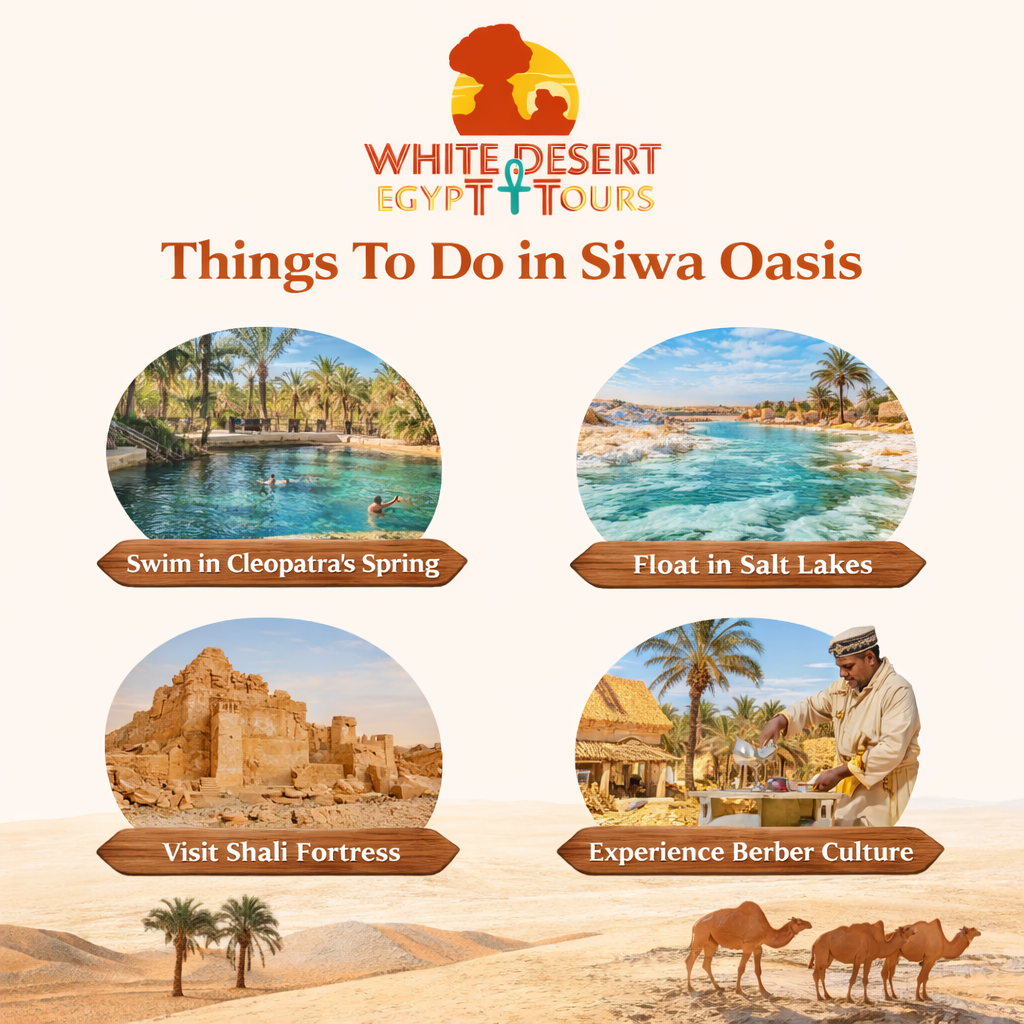 Things To Do in Siwa Oasis, White Desert Egypt Tours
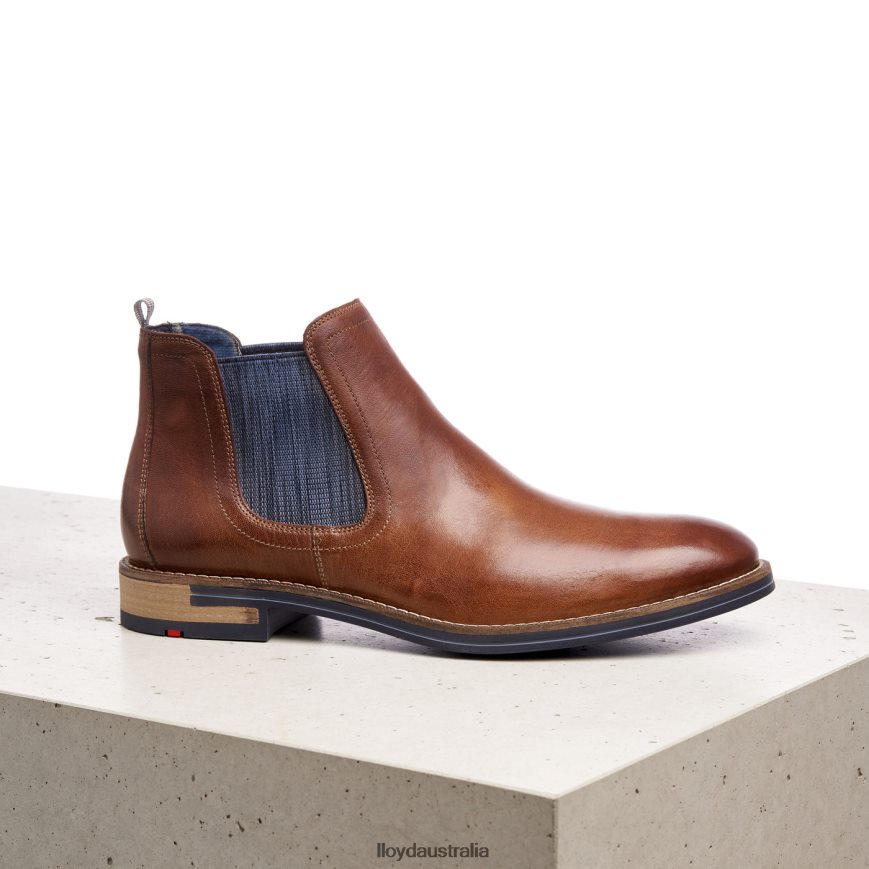 LLOYD Men DARIO brown Shoes H6PTLF1343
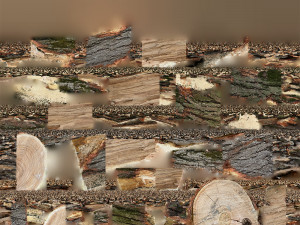 3D Scan tree trunk in highpoly Modèle 3D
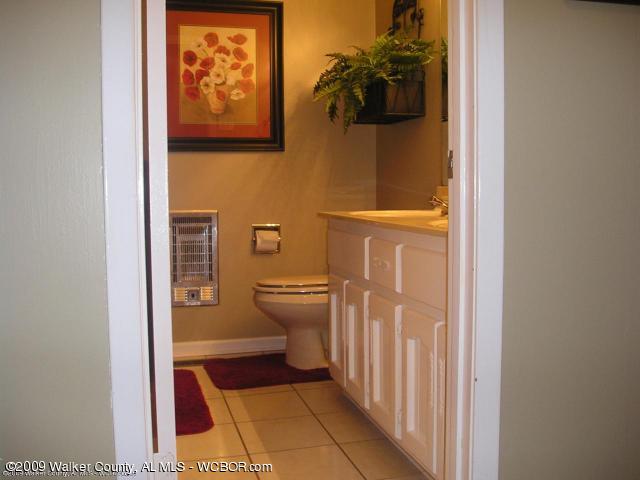 4710 Duncan Road Nauvoo, AL 35578 - Photo 10 of 12 Gallery Image 10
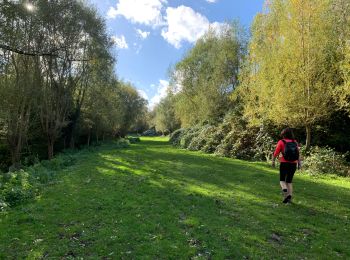 Tour Wandern Lasne - RB 11 Plancenoit - Lasnes - Photo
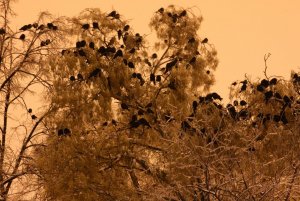 Crows at nighting site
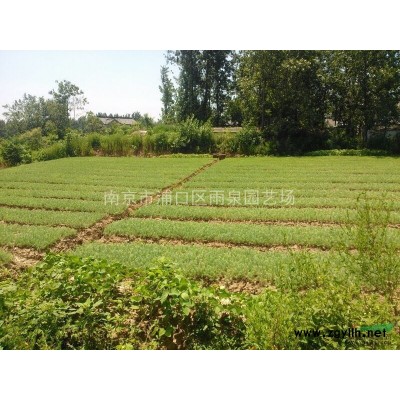 江蘇南京紅葉石楠樹價(jià)格，8公分紅葉石楠樹價(jià)格信息。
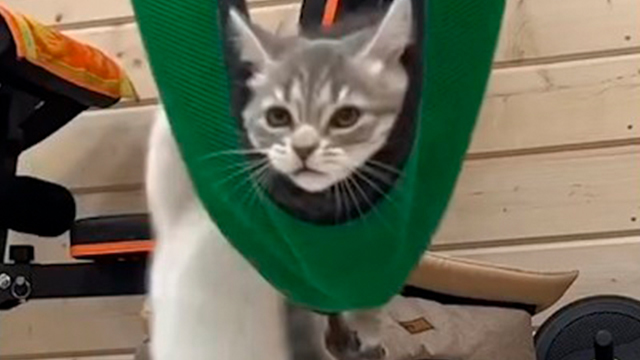 子猫にも負けられない戦いがある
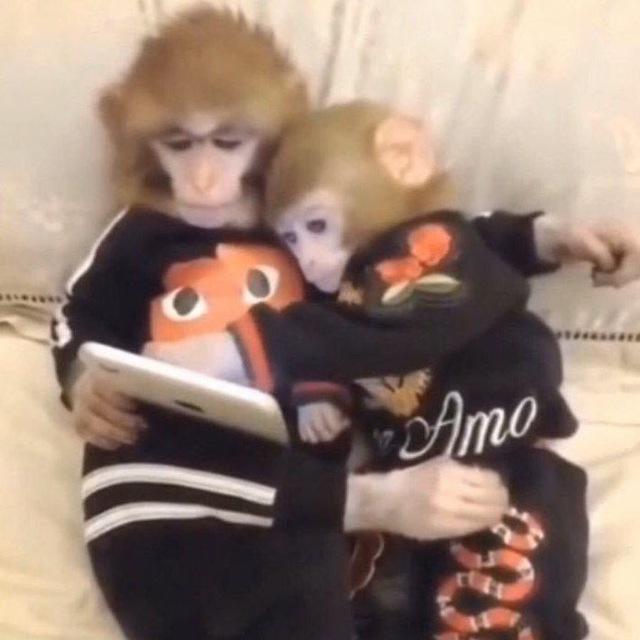 Бибизяны| Стикеры и гиф🙈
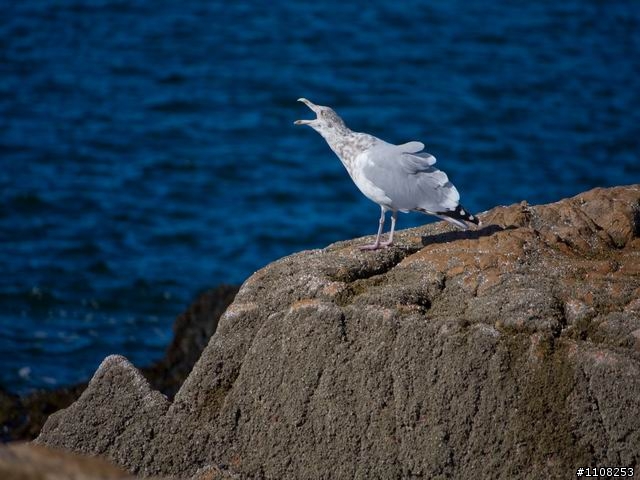 2008美東楓之旅---緬因州 (Acadia National Park)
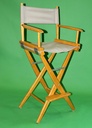 Director Chair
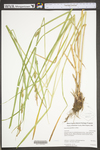 Carex trichocarpa by WV University Herbarium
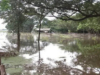 Inundaciones en las fincas. Qué hacer para prevenirlas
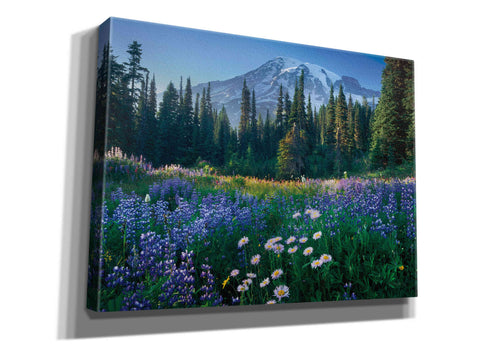 Image of 'Mount Rainier' by Alan Majchrowicz,Giclee Canvas Wall Art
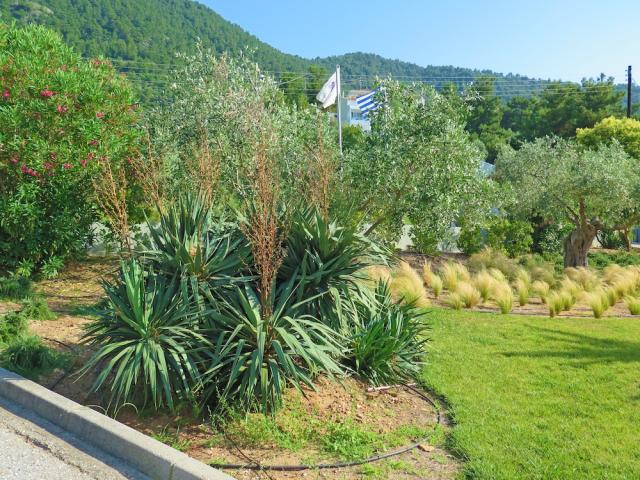 Thassos - Skala Panagia - Hotel Princess Golden Beach - záhrada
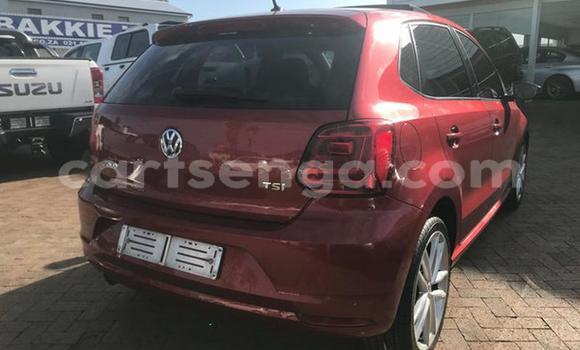 Buy Used Volkswagen Polo Red Car in Big Bend in Lubombo District Buy Used Volkswagen Polo Red Car in Big Bend in Lubombo District
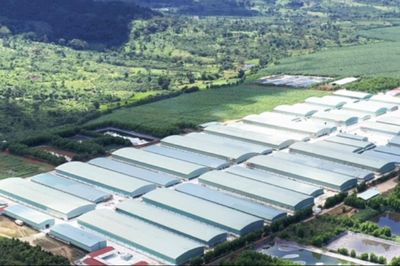 Lợi nhuận của Hoàng Anh Gia Lai tăng vọt, vượt 2.290 tỷ đồng sau 6 tháng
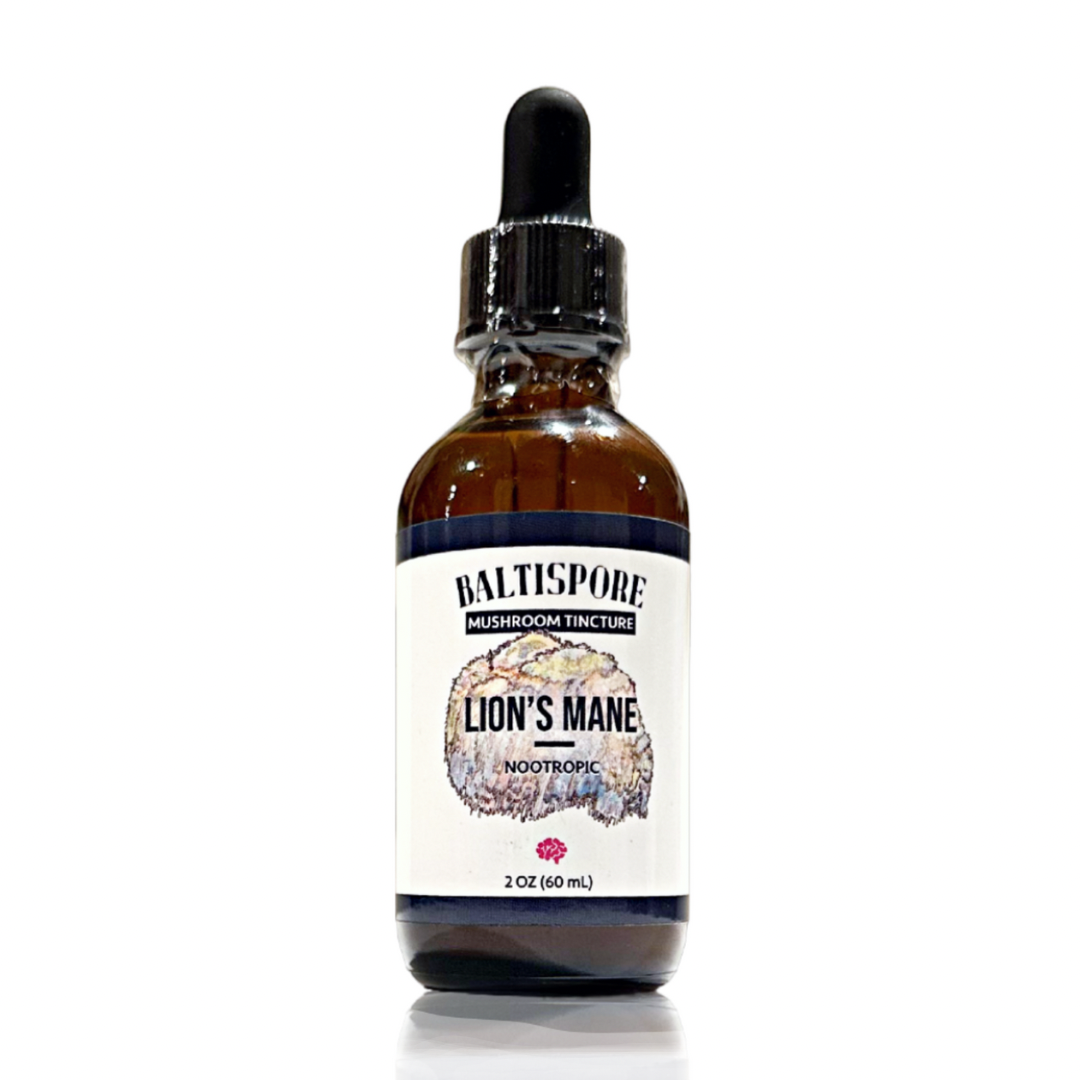 image of a bottle of Baltispore Lion's Mane Tincture, a wellness product know for its potential brain-boostin benefits. The bottle features a dark amber color with a dropper lid, set against a neutral background.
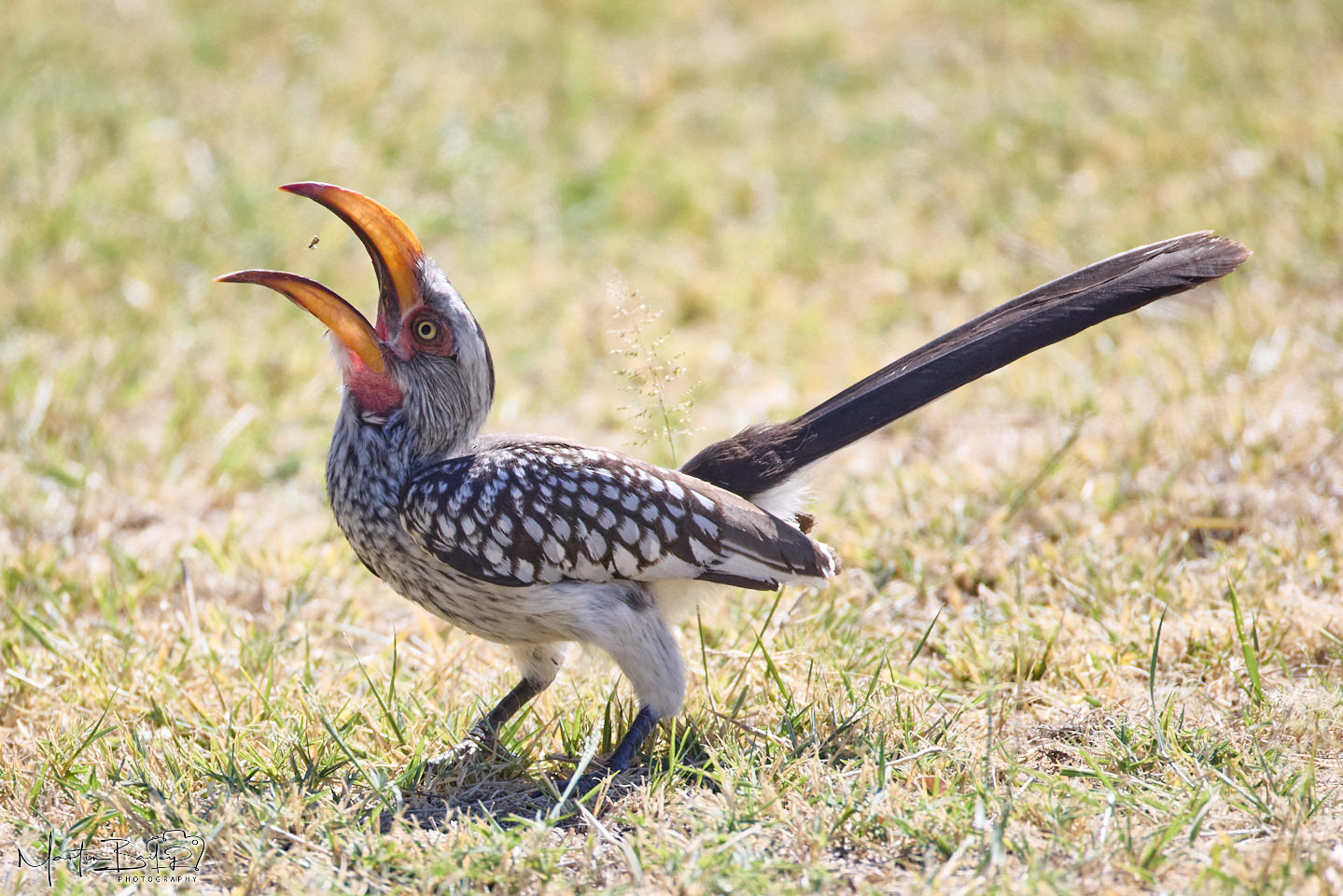 Hornbill Ant Feast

____

**Description of the task**
Starting with the line that contains "Carex trichocarpa by WV University Herbarium", reproduce every line down to the end of the listing above, both endpoints included. Pictures stay out.

**Output**
 Carex trichocarpa by WV University Herbarium
 Inundaciones en las fincas. Qué hacer para prevenirlas
 Image of 'Mount Rainier' by Alan Majchrowicz,Giclee Canvas Wall Art
 Thassos - Skala Panagia - Hotel Princess Golden Beach - záhrada
 Buy Used Volkswagen Polo Red Car in Big Bend in Lubombo District Buy Used Volkswagen Polo Red Car in Big Bend in Lubombo District
 Lợi nhuận của Hoàng Anh Gia Lai tăng vọt, vượt 2.290 tỷ đồng sau 6 tháng
 image of a bottle of Baltispore Lion's Mane Tincture, a wellness product know for its potential brain-boostin benefits. The bottle features a dark amber color with a dropper lid, set against a neutral background.
 Hornbill Ant Feast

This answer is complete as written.